# Help my key came out the fob....



## Brandirjones (Jun 26, 2020)

My daughters keyCame out of her Fob and the key didn’t actually break it just had a little tiny like the silver piece that popped off of where the key flips out. And the key itself just kind of slides out. Is it possible to glue this piece back on and it work properly? I called the Chevrolet company and they said that I would need to come up there purchase a new key and bring the vehicle up there to have it reprogrammed?


----------



## plano-doug (Jul 1, 2015)

Brandirjones said:


> My daughters keyCame out of her Fob and the key didn’t actually break it just had a little tiny like the silver piece that popped off of where the key flips out. And the key itself just kind of slides out. Is it possible to glue this piece back on and it work properly? I called the Chevrolet company and they said that I would need to come up there purchase a new key and bring the vehicle up there to have it reprogrammed?
> <snip pics>


The key housing in the fob is broken. Glue won't hold that - too much stress. But the key looks good - it can be used in a new fob. That can save you ~40 bucks in key cutting costs.

You might try getting a replacement fob, 10-20 bucks used on eBay or Amazon. With that, you could move the old fob's electronics to the new one along with mounting the key in the new one.

But it's much easier to just put the key in the new fob and have your car learn the new fob. The re-learn is well documented in the owner's manual. Easy peasy for most gen1 Cruzes - what year is your daughter's car? As I understand it, on a 2011, programming it to the car requires a dealer (or a locksmith, at half the dealer price). On my 2013, it was a DIY piece of cake.

I would start with another key fob. You can get a used one off eBay or Amazon for 10-20 dollars shipped. Just make sure it's for your model year and trim level. That is, read the details to satisfy yourself it matches your car.
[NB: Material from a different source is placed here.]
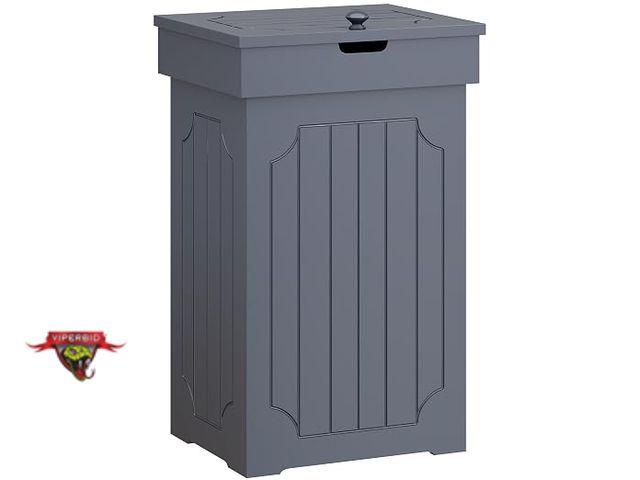 Lot 7-134415 - 13 Gallon wood trash bin. 15.6" x 12.6" x 26.2"(WxDxH).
For my 2013 Cruze, I got one from KeylessKing on eBay.

For moving the old key over to the new fob, you might need somebody who is handy to help with that - it requires removing and inserting a roll pin which can be tricky. Or maybe get a locksmith to do that part of the repair.

HTH.
Doug

.


----------



## JLL (Sep 12, 2017)

plano-doug said:


> The key housing in the fob is broken. Glue won't hold that - too much stress. But the key looks good - it can be used in a new fob. That can save you ~40 bucks in key cutting costs.
> 
> You might try getting a replacement fob, 10-20 bucks used on eBay or Amazon. With that, you could move the old fob's electronics to the new one along with mounting the key in the new one.
> 
> ...


Dido...that's the downside of switchblade keys.


----------



## plano-doug (Jul 1, 2015)

JLL said:


> Dido...that's the downside of switchblade keys.


Good point. 

I try to (and also tell my kids to) leave the fob unlatched with the key at around 90° instead of fully opened/straightened (when inserted in the ignition). I think that gives one a slightly better chance of not breaking the key or fob.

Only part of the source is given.